Kelly Oliveira Barbosa 03/10/2022"Está moça não é feliz!" (p.5)Terminei de ler nesse final de semana o romance Lucíola de José de Alencar. A obra data de 1862, e faz parte dos “perfis de mulher” do autor, composto também por Diva (1864) e Senhora (1875).
Resolvi ler Lucíola meio aleatoriamente para tentar traçar um contraste para mim mesma do que foi o romantismo brasileiro sob a pena de Machado de Assis e o que foi sob a pena de um romântico raiz como o José de Alencar.
O enredo gira em torno do jovem Paulo, recém chegado a Corte do Rio de Janeiro; e Lúcia, uma cortesã (prostituta de luxo) rica muito famosa na cidade. O livro é um romance urbano que aos moldes do romantismo com todo o seu elevo e moral, se propõe a uma crítica a sociedade brasileira da época. A narrativa é em primeira pessoa no formato epistolar. O Paulo do futuro revela para uma senhora suas lembranças de uma parte de sua vida. Uma história bem elaborada, com direito a reviravoltas que prendem o leitor até um final previsível sim, mas que nem por isso, menos interessante.
Achei Lucíola uma obra muito forte, isso é, de uma carga emocional bem pesada. E isso se deve e muito a complexidade e profundidade que José de Alencar conseguiu dar a sua personagem Lúcia. Enquanto lia me lembrei que esse é o terceiro ou quarto livro que leio com a figura de uma prostituta como personagem principal. O próprio Crime e Castigo do Dostoiévski é um deles, o Amor de Redenção da Francine Rivers é outro. Em todos esses, temos uma jovem prostituta, marginalizada e discriminada pela sociedade, a mesma sociedade que paga por sua degradação, como personagens hiper complexas que são desnudadas em camadas diante do leitor. Em todos eles acompanhamos histórias de mulheres que foram lançadas na lama (por circunstâncias, por terceiros, por elas mesmas), mas que de lá do fundo da desesperança se elevaram até um lugar de redenção, o que é sempre muito tocante.
A prostituição é um tema revoltante, degradante… encará-lo na literatura ou em qualquer outra arte não é “tranquilo” por assim dizer. Porém, esse problema social é com certeza um elefante na sala da história de qualquer sociedade, e talvez por isso, seja o melhor elefante para retratar, justamente na arte, o tamanho da hipocrisia desse mundo.
Em geral eu gostei muito da obra. Lucíola é bem escrita, profunda e desafiante. Porém reconheço que ler obras tão antigas é um pouco complicado por vários motivos, sendo um deles a própria linguagem. Lucíola é acessível, mas exige um esforço a mais do leitor do século 21. Inclusive principalmente nesse aspecto, eu senti um pouco o salto de Machado para Alencar. Mas é aquela coisa, é um esforço que recompensa, pois finalizar uma obra como essa, acompanhar tudo o que esse autor construiu com esses personagens e enredo do começo ao fim, foi sensacional. E falando disso ainda, da barreira da linguagem, estou gostando muito de ler esses clássicos no Kindle, pois nesse formato temos o dicionário e a Wikipédia sempre a um clique de distância, facilitando e muito a leitura – fica a dica.

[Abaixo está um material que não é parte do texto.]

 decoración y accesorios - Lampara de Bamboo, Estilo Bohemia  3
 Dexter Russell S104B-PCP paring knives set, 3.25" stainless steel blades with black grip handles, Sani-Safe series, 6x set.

Enfim, acho que consegui atingir o meu objetivo com essa leitura. Consegui constatar a grande diferença do romantismo de um Machado e de um Alencar, ambos grandes escritores da literatura brasileira. Há muitos exageros em Lucíola, coisas completamente inverossímeis. As expressões dos sentimentos atingem um nível até religioso e chega a um ponto que tudo se confunde na verdade. Mas entre prós e contras, a obra chegou viva até aqui em 2022, e como é bom poder ler um clássico da literatura desse porte que foi pensado e escrito em nosso idioma e para nós, os brasileiros.